--- Supplied records ---
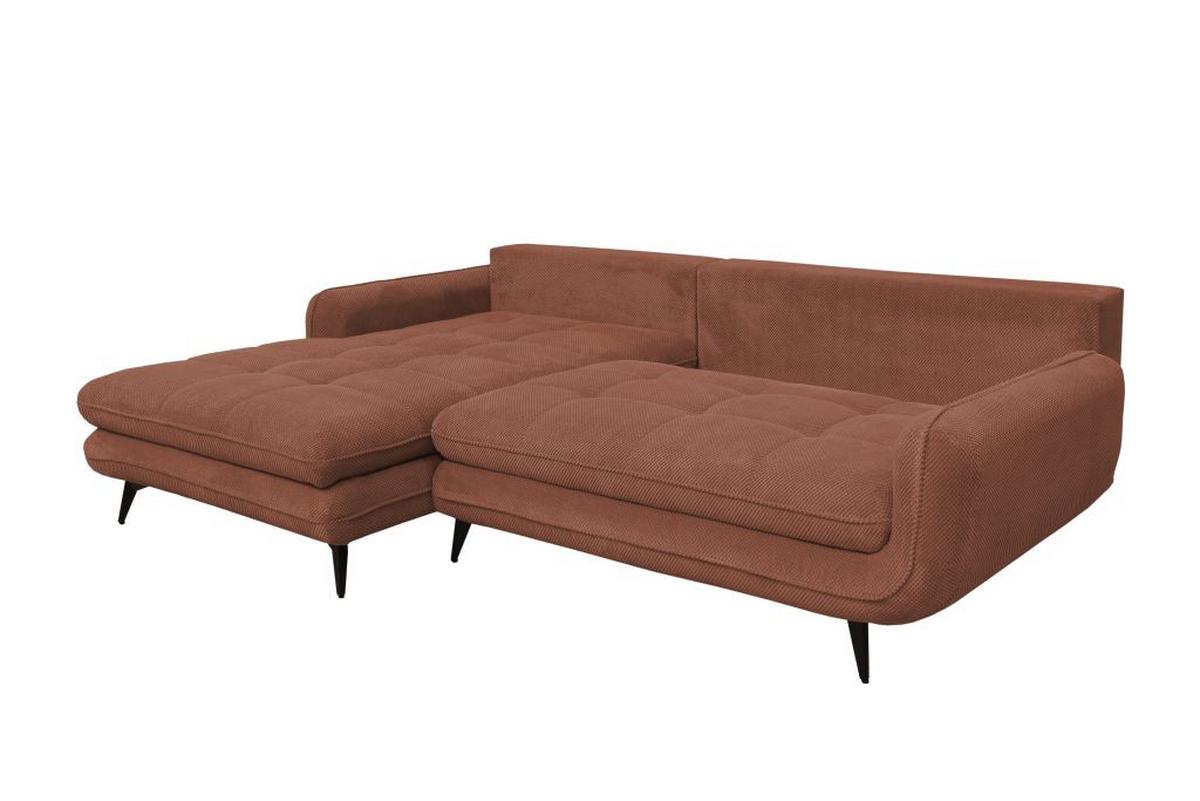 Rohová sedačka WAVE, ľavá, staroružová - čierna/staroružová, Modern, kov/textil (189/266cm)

* * *

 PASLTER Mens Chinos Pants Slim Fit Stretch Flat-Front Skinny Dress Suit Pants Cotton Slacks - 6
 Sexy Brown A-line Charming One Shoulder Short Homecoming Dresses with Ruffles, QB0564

--- What this task involves ---
Begin with the line above that has "PASLTER Mens Chinos" and continue through the line that has "Sexy Brown A-line", setting each one down exactly. Stop there.

--- Task result ---
 PASLTER Mens Chinos Pants Slim Fit Stretch Flat-Front Skinny Dress Suit Pants Cotton Slacks - 6
 Sexy Brown A-line Charming One Shoulder Short Homecoming Dresses with Ruffles, QB0564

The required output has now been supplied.